**What to work on**
Word for word, copy out the data below, omitting pictures.

**The data**
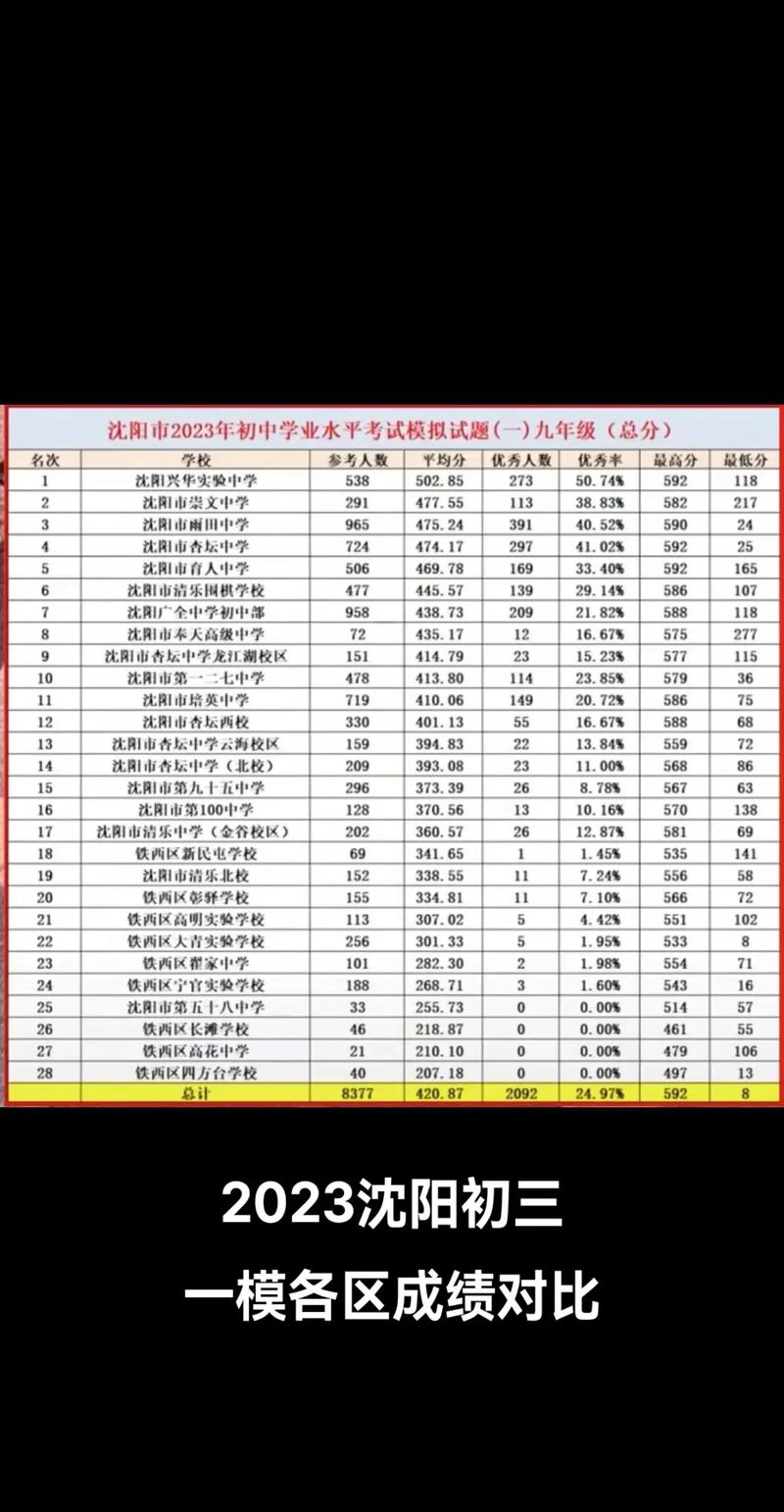 沈阳市中考各科分数及总分是多少
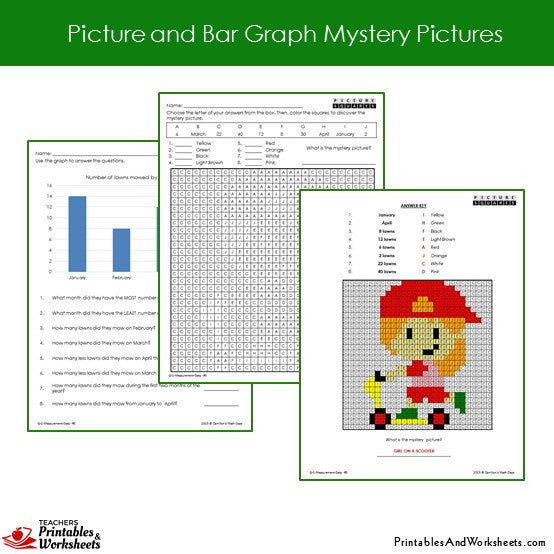 Nd grade picture graph and bar graph coloring worksheets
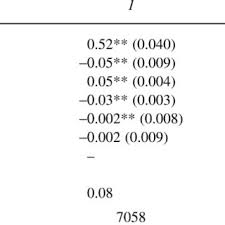 What does tsa mean for high ridge brands? Pdf Reputation And Reliability In Collective Goods The Case Of The Online Encyclopedia Wikipedia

**Response to this exercise**
 沈阳市中考各科分数及总分是多少
 Nd grade picture graph and bar graph coloring worksheets
 What does tsa mean for high ridge brands? Pdf Reputation And Reliability In Collective Goods The Case Of The Online Encyclopedia Wikipedia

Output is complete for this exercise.